- **To do**: Find the line containing "Auxin First studied" in the listing below. Repeat it exactly, along with each following line up to and including the one containing "Modern Loft Inside".
***
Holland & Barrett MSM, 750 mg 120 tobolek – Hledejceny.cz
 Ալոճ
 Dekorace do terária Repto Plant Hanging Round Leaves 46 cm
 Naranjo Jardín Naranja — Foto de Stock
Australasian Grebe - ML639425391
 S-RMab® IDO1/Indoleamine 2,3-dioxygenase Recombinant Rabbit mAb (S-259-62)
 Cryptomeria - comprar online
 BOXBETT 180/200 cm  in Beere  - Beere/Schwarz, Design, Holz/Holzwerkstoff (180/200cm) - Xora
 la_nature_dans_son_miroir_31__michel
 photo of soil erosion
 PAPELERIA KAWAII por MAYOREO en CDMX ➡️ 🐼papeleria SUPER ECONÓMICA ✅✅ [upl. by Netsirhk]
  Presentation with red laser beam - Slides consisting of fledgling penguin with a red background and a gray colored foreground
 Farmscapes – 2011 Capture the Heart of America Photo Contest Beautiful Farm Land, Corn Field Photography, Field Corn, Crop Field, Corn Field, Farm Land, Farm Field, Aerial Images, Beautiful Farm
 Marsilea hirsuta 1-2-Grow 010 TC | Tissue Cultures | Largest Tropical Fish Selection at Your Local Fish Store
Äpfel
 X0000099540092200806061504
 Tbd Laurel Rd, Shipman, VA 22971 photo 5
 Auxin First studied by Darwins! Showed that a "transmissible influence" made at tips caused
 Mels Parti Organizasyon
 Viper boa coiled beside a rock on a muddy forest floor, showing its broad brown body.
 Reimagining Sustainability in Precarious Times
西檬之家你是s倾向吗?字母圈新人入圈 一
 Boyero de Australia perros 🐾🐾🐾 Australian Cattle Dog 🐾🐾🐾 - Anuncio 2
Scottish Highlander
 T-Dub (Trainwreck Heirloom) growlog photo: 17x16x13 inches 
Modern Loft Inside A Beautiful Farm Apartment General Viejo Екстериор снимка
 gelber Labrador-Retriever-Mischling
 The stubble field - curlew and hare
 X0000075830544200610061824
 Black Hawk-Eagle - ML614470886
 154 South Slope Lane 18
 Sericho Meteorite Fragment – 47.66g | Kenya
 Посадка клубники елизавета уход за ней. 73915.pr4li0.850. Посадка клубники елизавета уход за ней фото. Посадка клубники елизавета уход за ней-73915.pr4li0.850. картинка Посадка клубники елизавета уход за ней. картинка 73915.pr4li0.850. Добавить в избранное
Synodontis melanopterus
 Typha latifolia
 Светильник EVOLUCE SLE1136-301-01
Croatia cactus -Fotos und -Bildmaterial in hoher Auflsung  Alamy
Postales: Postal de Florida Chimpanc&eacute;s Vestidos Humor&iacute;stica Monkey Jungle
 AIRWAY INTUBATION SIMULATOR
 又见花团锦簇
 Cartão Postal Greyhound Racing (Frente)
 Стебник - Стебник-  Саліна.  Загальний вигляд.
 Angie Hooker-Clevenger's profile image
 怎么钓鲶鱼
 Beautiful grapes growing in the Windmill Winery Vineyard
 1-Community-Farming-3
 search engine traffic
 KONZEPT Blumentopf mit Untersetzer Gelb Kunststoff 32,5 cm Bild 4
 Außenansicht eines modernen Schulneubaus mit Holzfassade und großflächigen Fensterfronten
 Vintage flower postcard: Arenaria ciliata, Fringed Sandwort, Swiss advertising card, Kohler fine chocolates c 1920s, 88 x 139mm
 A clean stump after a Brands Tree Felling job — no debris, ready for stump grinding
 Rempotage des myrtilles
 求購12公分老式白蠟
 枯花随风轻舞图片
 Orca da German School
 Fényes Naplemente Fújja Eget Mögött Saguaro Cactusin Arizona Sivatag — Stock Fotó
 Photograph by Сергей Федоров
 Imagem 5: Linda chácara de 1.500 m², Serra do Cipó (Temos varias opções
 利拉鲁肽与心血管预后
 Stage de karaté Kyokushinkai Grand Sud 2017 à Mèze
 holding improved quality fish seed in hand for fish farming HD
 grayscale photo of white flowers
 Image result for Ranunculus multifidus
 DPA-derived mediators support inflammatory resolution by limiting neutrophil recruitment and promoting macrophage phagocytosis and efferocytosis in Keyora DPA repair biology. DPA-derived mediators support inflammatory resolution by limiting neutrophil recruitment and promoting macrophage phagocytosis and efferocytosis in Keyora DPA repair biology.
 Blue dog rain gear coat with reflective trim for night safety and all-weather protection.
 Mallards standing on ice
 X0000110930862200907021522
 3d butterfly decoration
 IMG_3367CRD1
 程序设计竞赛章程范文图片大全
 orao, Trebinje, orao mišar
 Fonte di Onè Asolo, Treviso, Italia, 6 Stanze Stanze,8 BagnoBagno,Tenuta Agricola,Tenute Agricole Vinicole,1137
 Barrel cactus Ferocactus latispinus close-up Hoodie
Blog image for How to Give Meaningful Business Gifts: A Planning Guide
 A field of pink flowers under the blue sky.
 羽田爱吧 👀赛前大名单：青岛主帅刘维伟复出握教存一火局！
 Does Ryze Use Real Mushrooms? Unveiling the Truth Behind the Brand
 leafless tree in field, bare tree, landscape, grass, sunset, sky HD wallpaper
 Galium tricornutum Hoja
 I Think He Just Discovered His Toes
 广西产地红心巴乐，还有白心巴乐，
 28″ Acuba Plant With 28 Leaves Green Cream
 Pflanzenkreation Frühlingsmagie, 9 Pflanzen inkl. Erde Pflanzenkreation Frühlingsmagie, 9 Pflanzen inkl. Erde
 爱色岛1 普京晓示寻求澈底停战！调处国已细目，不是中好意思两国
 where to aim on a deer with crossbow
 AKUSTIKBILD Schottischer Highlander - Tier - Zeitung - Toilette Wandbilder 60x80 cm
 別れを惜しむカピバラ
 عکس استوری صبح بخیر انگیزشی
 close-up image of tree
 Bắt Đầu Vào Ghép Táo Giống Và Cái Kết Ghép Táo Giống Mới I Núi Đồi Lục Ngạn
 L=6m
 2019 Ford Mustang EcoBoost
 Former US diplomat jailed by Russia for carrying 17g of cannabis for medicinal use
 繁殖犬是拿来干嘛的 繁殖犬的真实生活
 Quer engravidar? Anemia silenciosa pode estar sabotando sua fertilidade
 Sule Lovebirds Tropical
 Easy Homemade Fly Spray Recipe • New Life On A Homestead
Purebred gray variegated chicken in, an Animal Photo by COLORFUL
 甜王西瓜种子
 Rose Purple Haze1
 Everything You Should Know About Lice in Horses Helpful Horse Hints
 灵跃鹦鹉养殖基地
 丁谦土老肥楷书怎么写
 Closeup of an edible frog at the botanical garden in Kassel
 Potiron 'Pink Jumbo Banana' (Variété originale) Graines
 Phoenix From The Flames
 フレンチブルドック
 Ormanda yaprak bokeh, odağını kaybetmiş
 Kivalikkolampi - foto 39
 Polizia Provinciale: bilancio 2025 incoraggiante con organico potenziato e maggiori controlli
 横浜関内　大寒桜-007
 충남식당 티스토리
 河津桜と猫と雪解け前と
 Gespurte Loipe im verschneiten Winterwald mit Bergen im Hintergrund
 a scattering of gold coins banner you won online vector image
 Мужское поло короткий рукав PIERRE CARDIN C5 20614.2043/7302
***
- **Exercise response**:
 Auxin First studied by Darwins! Showed that a "transmissible influence" made at tips caused
 Mels Parti Organizasyon
 Viper boa coiled beside a rock on a muddy forest floor, showing its broad brown body.
 Reimagining Sustainability in Precarious Times
西檬之家你是s倾向吗?字母圈新人入圈 一
 Boyero de Australia perros 🐾🐾🐾 Australian Cattle Dog 🐾🐾🐾 - Anuncio 2
Scottish Highlander
 T-Dub (Trainwreck Heirloom) growlog photo: 17x16x13 inches 
Modern Loft Inside A Beautiful Farm Apartment General Viejo Екстериор снимка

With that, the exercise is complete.